Today is Queen Rose’s day. It is the day of her exclusive charity ballet both to promote the appreciation of arts in Shiloh and to raise money for a worthy cause. Seats, we are told, were $10,000 apiece just to be among the 300 guests of the king. David Shepherd is uninvited at the last minute after Queen Rose is told someone wanted to pay $100,000 to have his seat moved next to David’s in order to “see what he does next.” All of a sudden David’s star is 10 times more valuable than that of Silas, and this state of affairs is unacceptable to the queen because (we discover a bit later) it threatens everything she has worked to build in the new kingdom.
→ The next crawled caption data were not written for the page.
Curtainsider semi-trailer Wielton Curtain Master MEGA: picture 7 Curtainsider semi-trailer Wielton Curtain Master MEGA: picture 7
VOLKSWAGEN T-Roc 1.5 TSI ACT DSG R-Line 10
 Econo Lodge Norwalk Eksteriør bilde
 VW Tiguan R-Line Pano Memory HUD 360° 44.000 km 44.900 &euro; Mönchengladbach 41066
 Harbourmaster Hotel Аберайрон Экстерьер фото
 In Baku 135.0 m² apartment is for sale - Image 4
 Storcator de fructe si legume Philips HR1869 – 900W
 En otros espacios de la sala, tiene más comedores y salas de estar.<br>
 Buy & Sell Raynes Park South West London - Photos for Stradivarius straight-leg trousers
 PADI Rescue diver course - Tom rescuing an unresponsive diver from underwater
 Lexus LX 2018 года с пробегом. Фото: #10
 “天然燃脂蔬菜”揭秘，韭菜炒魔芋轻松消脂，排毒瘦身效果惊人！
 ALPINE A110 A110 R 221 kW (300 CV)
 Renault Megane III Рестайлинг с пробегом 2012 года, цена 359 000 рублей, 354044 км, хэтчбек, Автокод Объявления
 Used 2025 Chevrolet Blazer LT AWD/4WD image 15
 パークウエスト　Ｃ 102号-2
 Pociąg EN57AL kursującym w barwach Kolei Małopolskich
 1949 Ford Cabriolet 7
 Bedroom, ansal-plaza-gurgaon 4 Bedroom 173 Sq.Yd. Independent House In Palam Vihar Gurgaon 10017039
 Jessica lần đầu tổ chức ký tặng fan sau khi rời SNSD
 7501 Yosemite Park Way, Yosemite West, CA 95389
David is disappointed not to be able to go, because he was hoping to see Princess Michelle–despite the fact that she snubbed him the last time they met. Prince Jack, presumably at his mother’s behest, offers to take David out with him to party like royalty and even flies in two of David’s soldier friends from the front lines. They go to several wild clubs. Prince Jack is confronted by his male lover, whom he has not called for some time now (at his father’s orders, though he cannot admit that to the boy) and scorns him for not taking the hint when he didn’t call. David is caught on camera kissing one of Prince Jack’s favorite lady friends, possibly also at his mother’s instruction. David ultimately declines the offer to go home with her and leaves with his virtue mostly intact…but not his image. Prince Jack is left alone and embittered at having had to break the heart of his heart’s real choice–but that was the price he agreed to pay for the power he wants to eventually inherit.
At the ballet after-party, Princess Michelle wonders why David did not come, and her mother plays innocent–that he chose not to come and to instead go out with Jack. Queen Rose encourages her to speak with a long-time suitor, which she does…on the subject of whether his bank might be willing to co-finance her health care plan with the government. Her disappointment at David’s absence is obvious, until the other man mentions that her mother had told him earlier in the day to expect a tête-à-tête with Michelle. She confronts her mother about why David had been told not to come, and Rose explains that David’s star could not be allowed to outshine that of the royal family. That everything about their lives had been designed to give the people of Shiloh hope and awe and larger-than-life royalty to look up to and adore. She didn’t even like ballet, she tells her daughter, but she pretended to love it because it made such a good show for the people. Michelle, perhaps naively, is shocked to discover her mother is so calculating and artificial and, in her own way, ruthless.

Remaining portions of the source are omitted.